#### [Problem description]
Copy all entries exactly, and wherever an entry holds a picture, leave that picture out.
──────────────────────────────
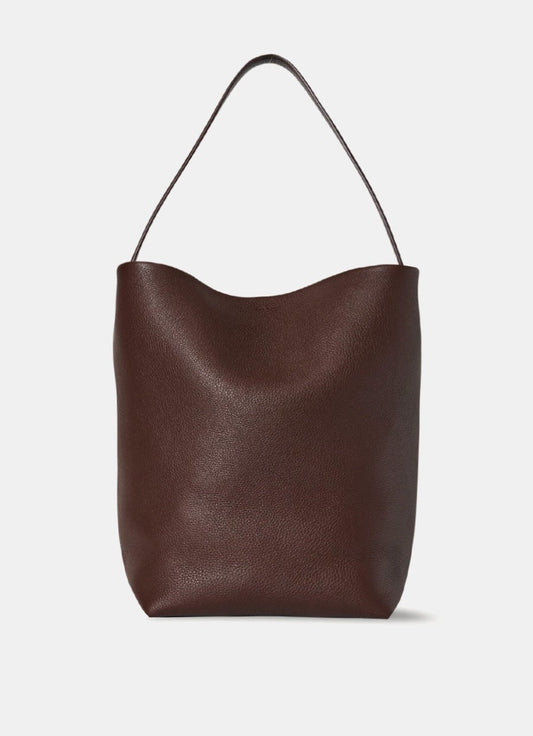 Large N/S Park Tote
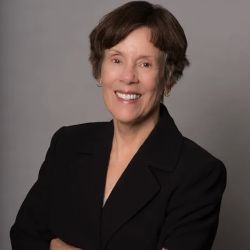 Edelman, Combs, Latturner & Goodwin, LLC ico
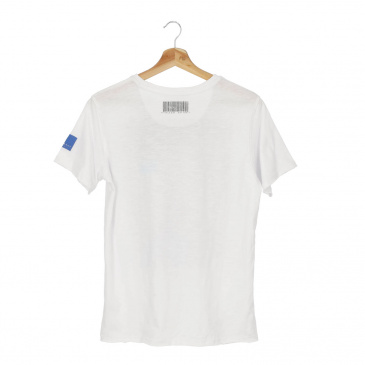 Тениска мъже Koala Bay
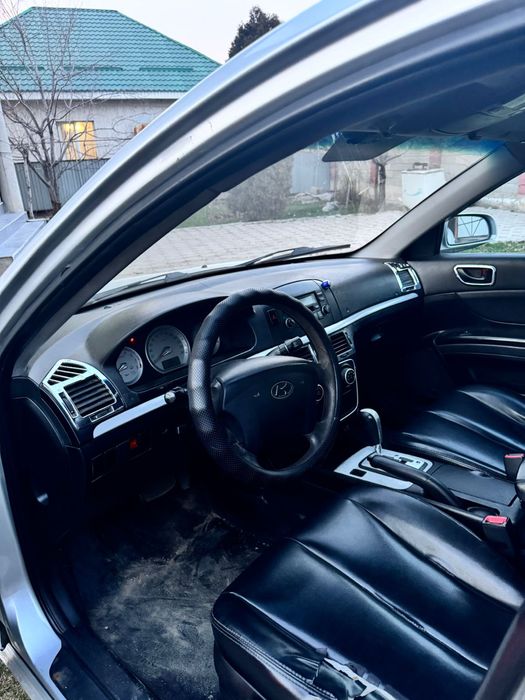 Авто в рассрочку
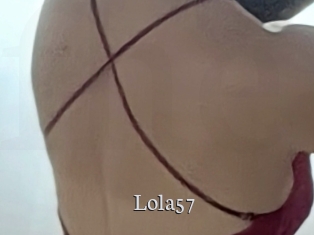 Lola57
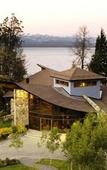Туры в отель Design Suites Bariloche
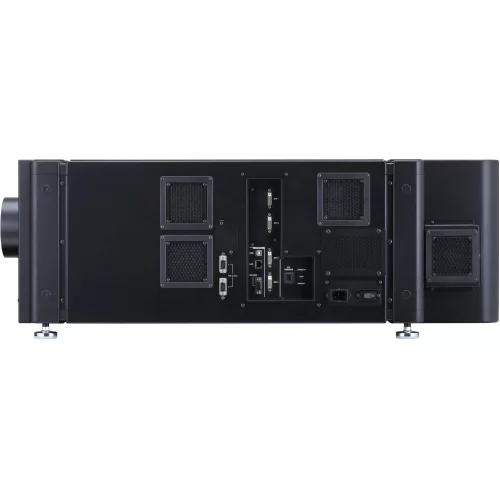 JVC DLA-VS4010 Лазерный проектор, 4K UHD (3840x2160)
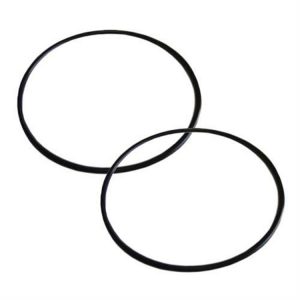 Replacement O-Ring Set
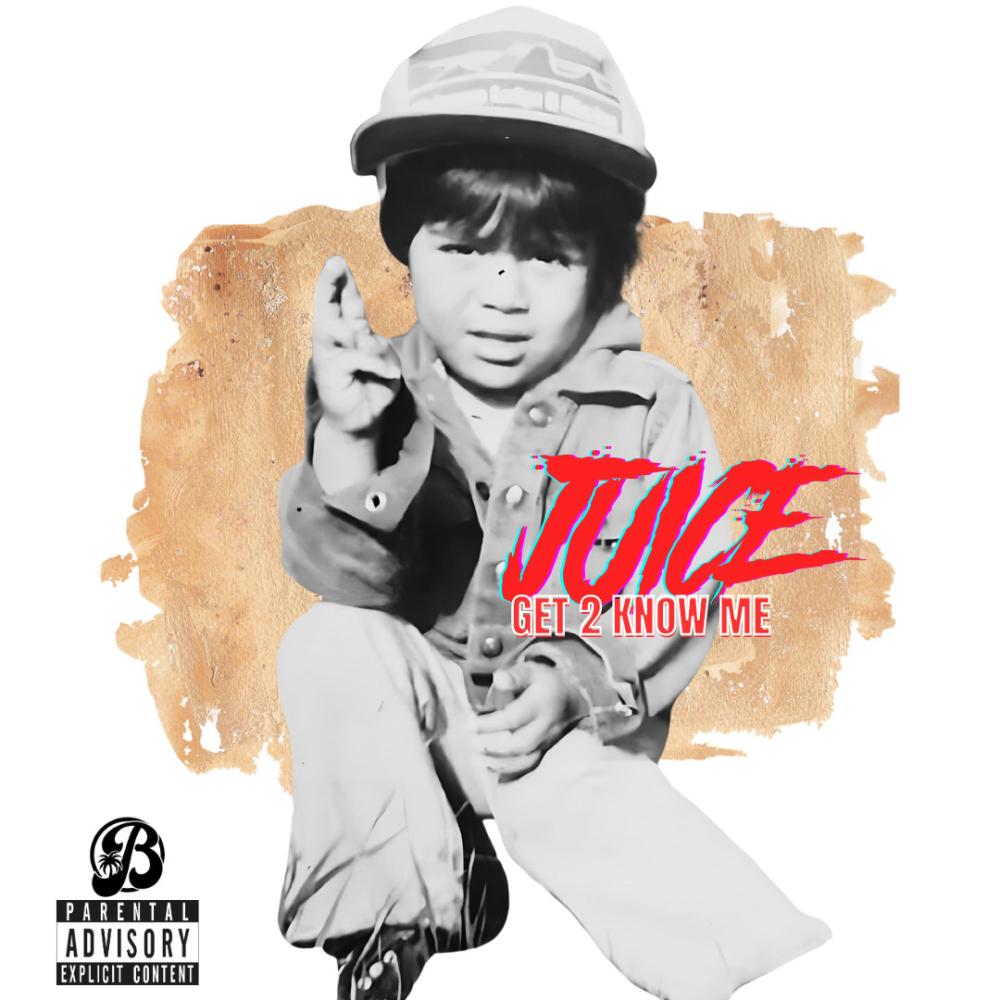 RUNNNIT UP (feat. Pistallion) (Explicit)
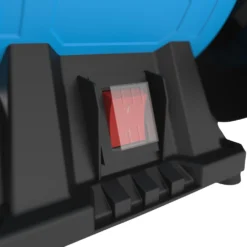 Güde Doppelschleifer GDS 125-12 9 Güde Doppelschleifer GDS 125-12 -Geschäft Für Heimwerkzeuge 9kCSDCTIbsZOWoW 1280x1280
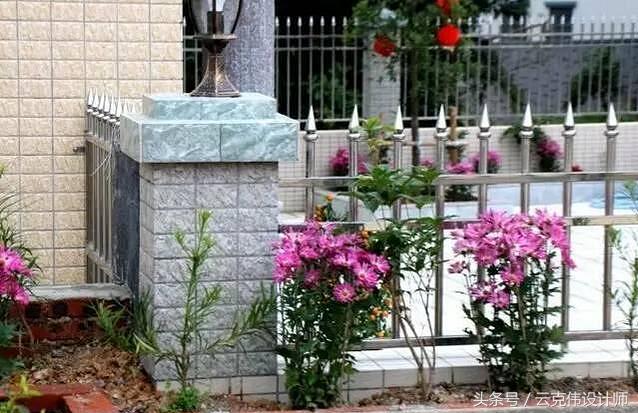 永不过时的装修建议100条,家庭装修25条良心总结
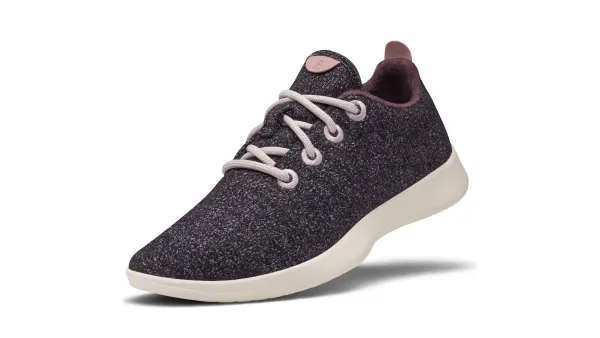 allbirds
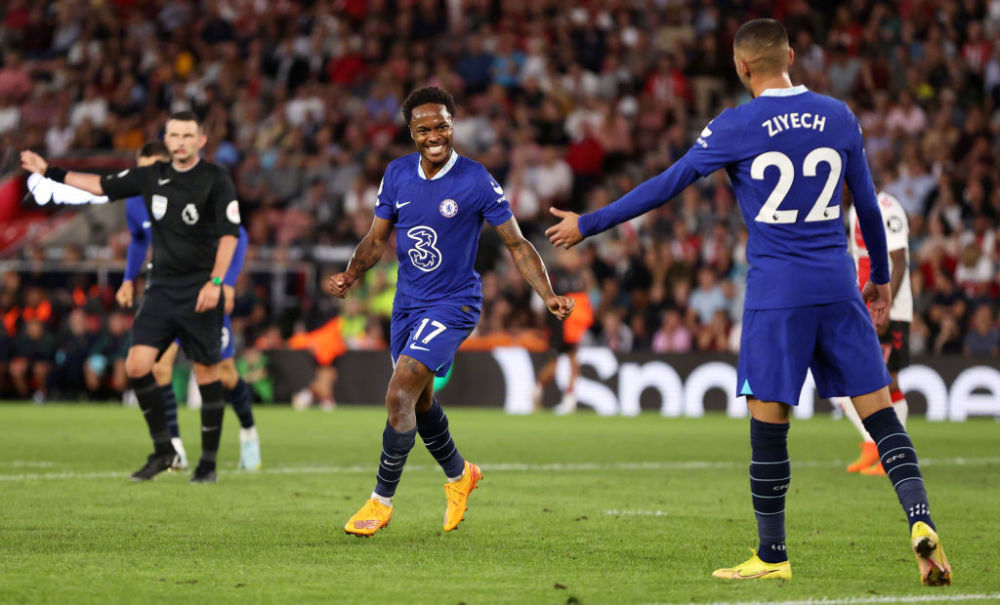 埃尔坎：斯帕莱蒂拥有经验，他必须带领尤文赢球（埃尔坎：斯帕莱蒂经验十足，必须带领尤文取胜）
──────────────────────────────
#### [Solution to this exercise]
 Large N/S Park Tote
 Edelman, Combs, Latturner & Goodwin, LLC ico
 Тениска мъже Koala Bay
 Авто в рассрочку
 Lola57
Туры в отель Design Suites Bariloche
 JVC DLA-VS4010 Лазерный проектор, 4K UHD (3840x2160)
 Replacement O-Ring Set
 RUNNNIT UP (feat. Pistallion) (Explicit)
 Güde Doppelschleifer GDS 125-12 9 Güde Doppelschleifer GDS 125-12 -Geschäft Für Heimwerkzeuge 9kCSDCTIbsZOWoW 1280x1280
 永不过时的装修建议100条,家庭装修25条良心总结
 allbirds
 埃尔坎：斯帕莱蒂拥有经验，他必须带领尤文赢球（埃尔坎：斯帕莱蒂经验十足，必须带领尤文取胜）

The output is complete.